• Task objective: Transcribe, exactly and without pictures, the lines below from the line with "Local Business Sacred" to the line with "Used 2019 MINI", both ends included, and no others.

• Dataset extract:
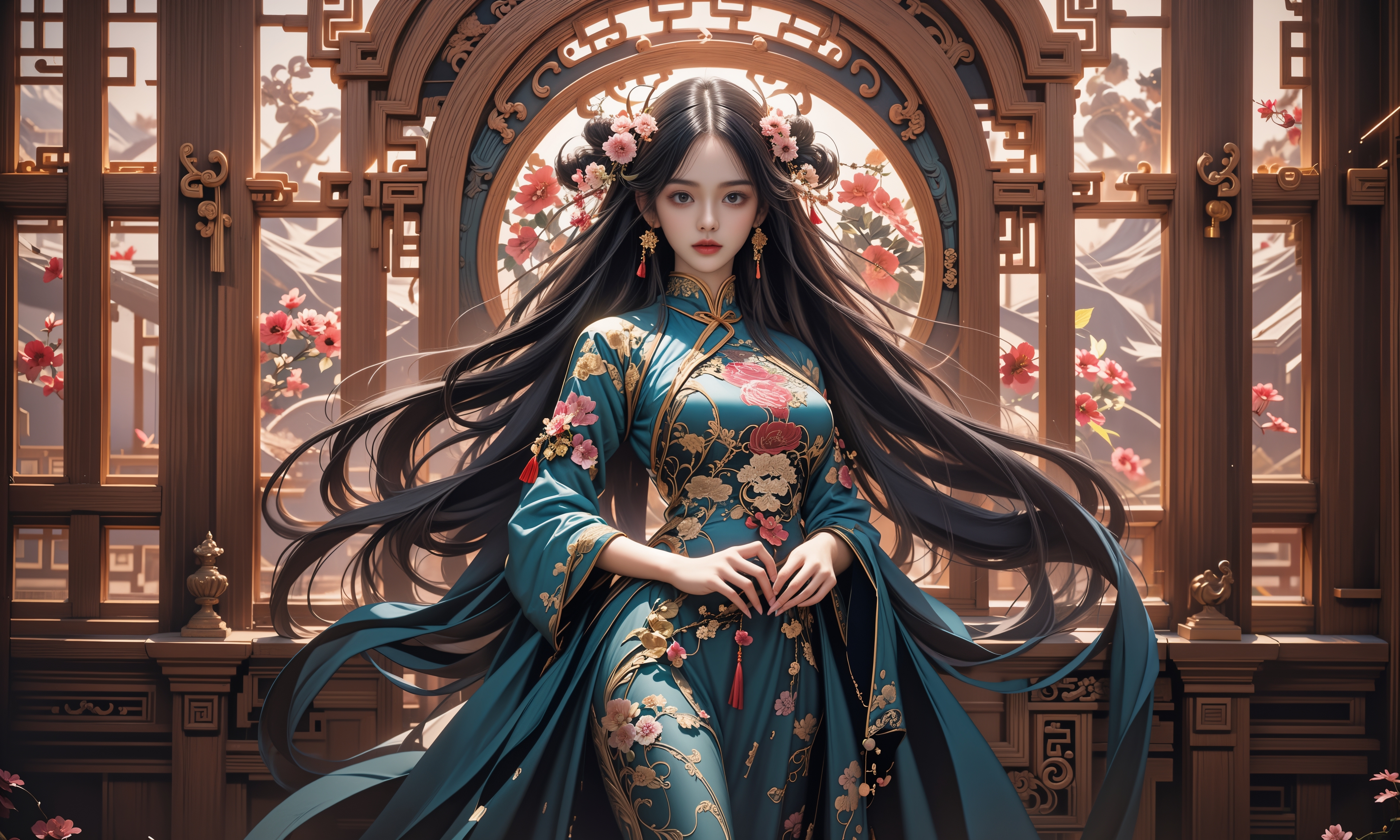 亚洲,日韩中文字幕中文字幕乱码免费熟女|丝袜美腿另类国产第一页|一级片在线免费观看|中文字幕dvd日本欧美精品|国产吧在线视频|国产欧美一区视频在线观看|欧美精品中文字幕第一页|租房不登记？小心罚款找上门！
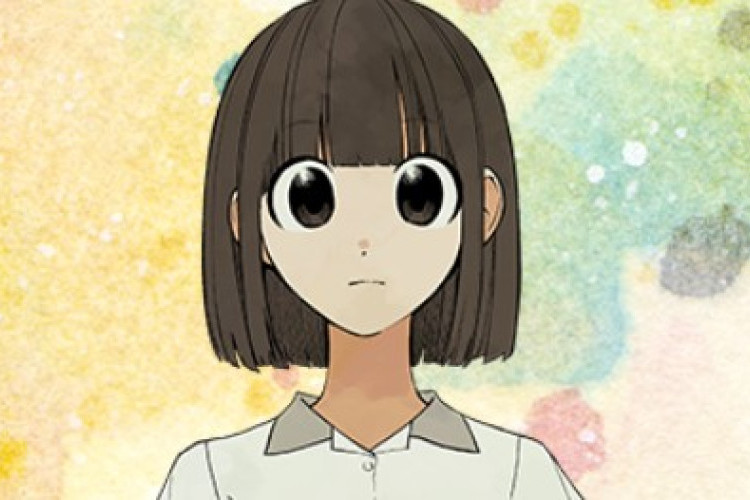 RAW Manhwa I Dare You Capítulo Completo Scan PT BR, Esta série aborda temas adultos, como bullying extremo e assédio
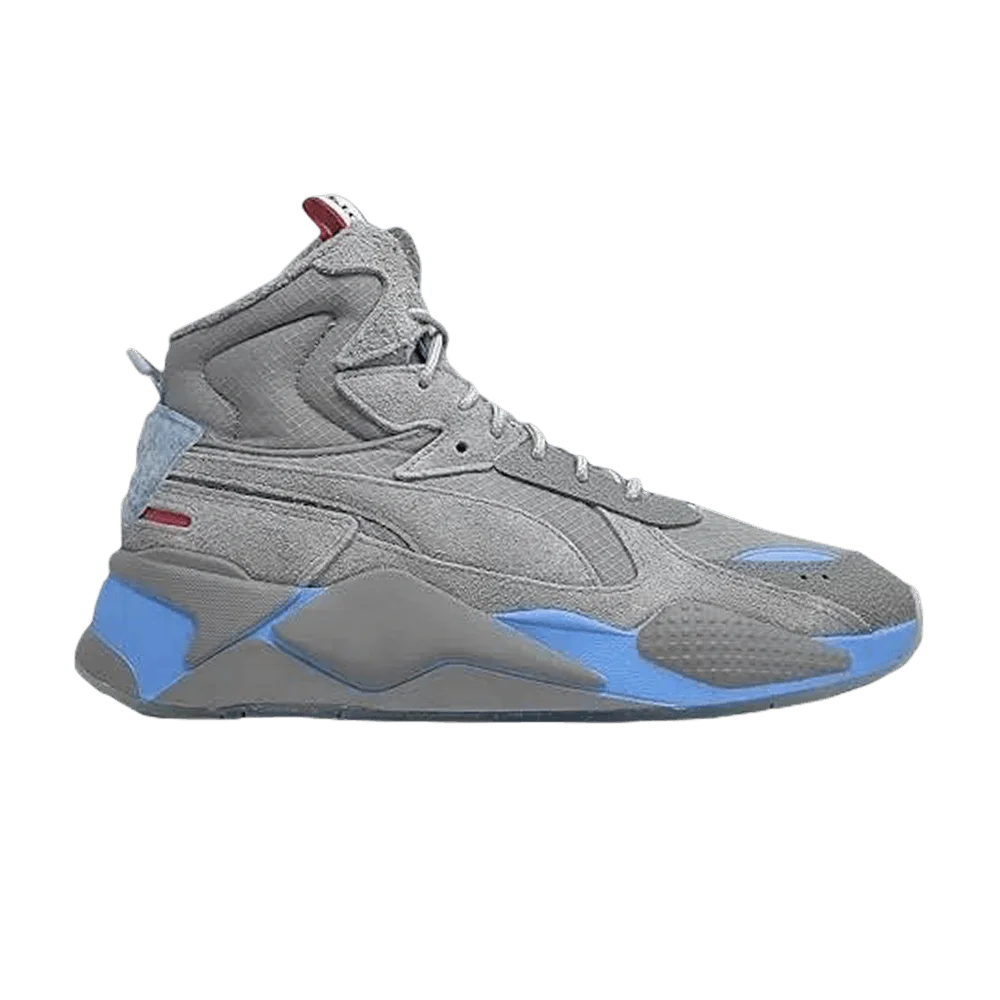 Krossovki-Puma-RS-X-Mid-Yetiman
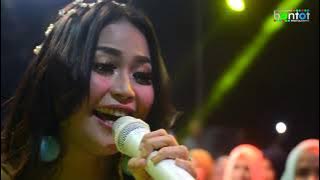 [4K] DIAN ANIC - LANANG GARANG - ANICA NADA 2018 - BONTOT RECORDS :: BONTOT PRODUCTION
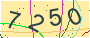 Click Refresh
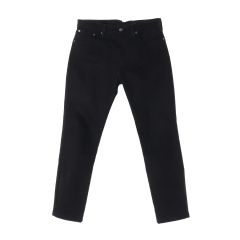 Archive Acne Studios ブラック スキニーデニム 28/34 - メルカリ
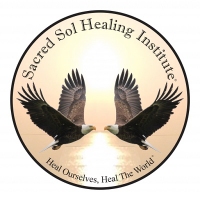 Local Business Sacred Sol Healing Institute in  OR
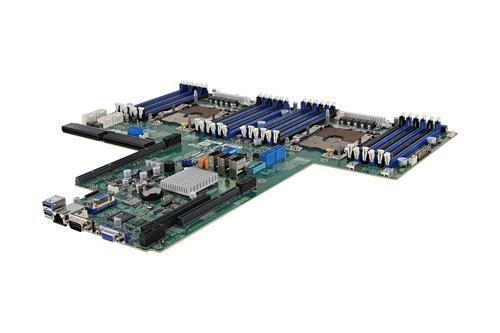 Supermicro mbd x11dpu - supermicro, mbd-x11dpu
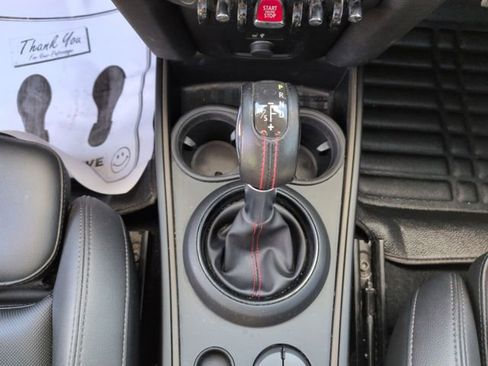 Used 2019 MINI Cooper Countryman S w/ Premium Package image 36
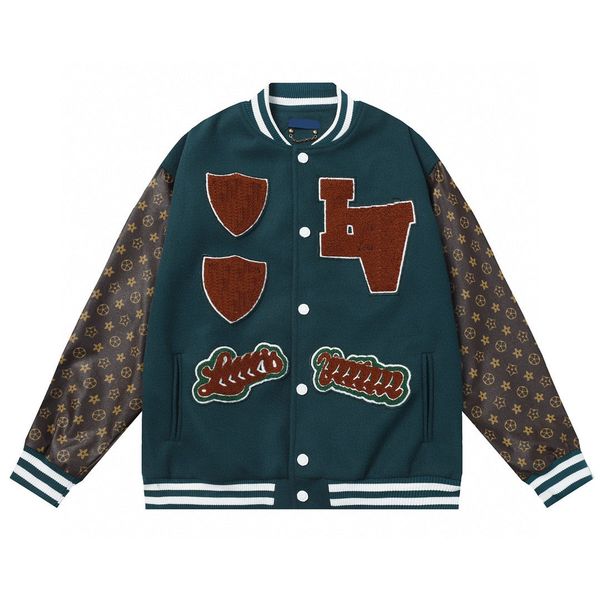 

plus size jackets fashion sweatshirts women men's hooded jacket students casual fleece clothes hoodies coat t-shirts 13qe2, Black;brown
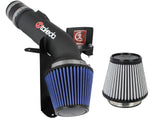 AFETR-1021B-R product image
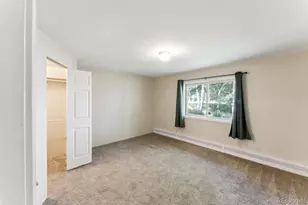 26292 Vosler St, Conifer, CO 80433 - Photo 26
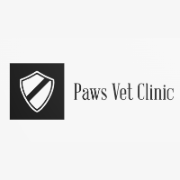 Paws Vet Clinic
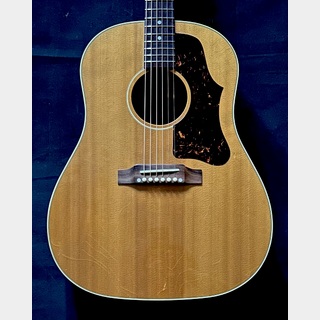 Gibson J-50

• Completed task:
 Local Business Sacred Sol Healing Institute in  OR
 Supermicro mbd x11dpu - supermicro, mbd-x11dpu
 Used 2019 MINI Cooper Countryman S w/ Premium Package image 36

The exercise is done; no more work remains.